Uno di essi è un’estensione del MPCP delle EPON. Questa nuova versione del Multipoint
Control Protocol provvede alla assegnazione ottimale delle lunghezze d’onda tramite un
algoritmo. L’architettura di riferimento è un array di transceivers a lunghezza d’onda fissa
per l’OLT e un laser e ricevitori fissi o tunabili per le ONU.
Durante il processo di discovery , le ONU comunicano all’OLT tramite un messaggio
REGISTER_REQUEST il tipo di laser e ricevitore di cui sono provviste (fisso o tunabile),
il tuning time e le λ supportate.
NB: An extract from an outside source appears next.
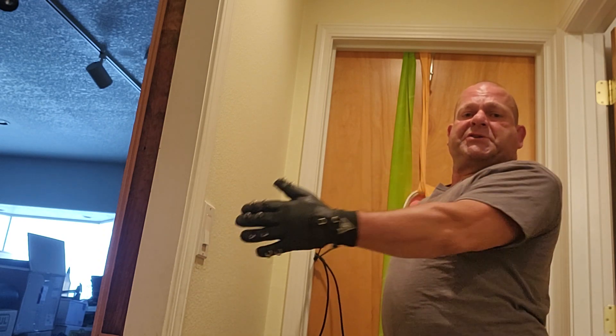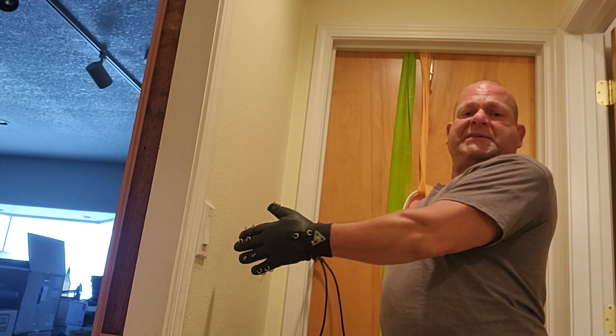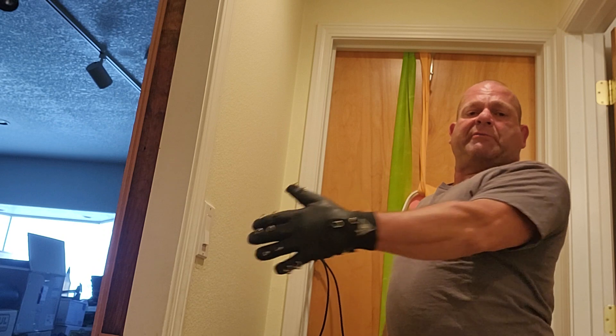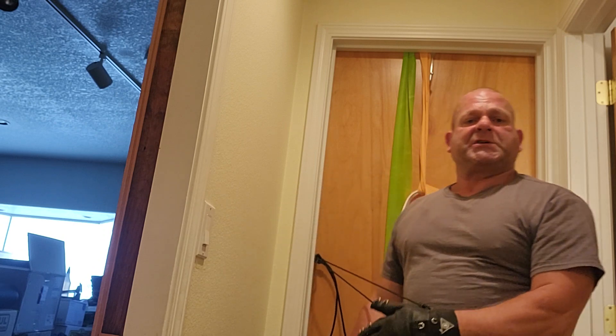This is a horizontal extension using the Flex-In AC kit attachment to the Flex-In Restore orthotic glove. Thanks a lot and have a great day.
Sulla base di queste informazioni l’OLT controlla l’utilizzo
delle varie lunghezze d’onda e decide come assegnarle.
Il messaggio GATE, inviato come al solito dall’ONU all’OLT, contiene la configurazione per
il ricevitore dell’ONU e serve quindi per effettuare l’assegnazione delle lunghezze d’onda.
L’ONU riconoscerà questa assegnazione inviando un messaggio all’OLT.
7 Conclusioni
In questo documento si sono illustrati i tipi di PON che sono stati proposti in letteratura.
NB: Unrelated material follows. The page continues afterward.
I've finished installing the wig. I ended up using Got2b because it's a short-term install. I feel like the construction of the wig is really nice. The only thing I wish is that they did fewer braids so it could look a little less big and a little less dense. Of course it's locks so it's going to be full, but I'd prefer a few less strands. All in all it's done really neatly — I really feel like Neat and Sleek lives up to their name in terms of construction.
Nel capitolo successivo si illustrerà la sperimentazione effettuata in questa tesi che ha
riguardato il comportamento in upstream di una WDM-EPON. Nonostante in Europa
l’interesse si sia focalizzato sulla GPON per la maggior banda offerta e per il più elevato
split ratio, si è preferito utilizzare la EPON per i test, per la sua compatibilità con gli
standard Ethernet. Si è ovviato alla minor banda utilizzando il WDM.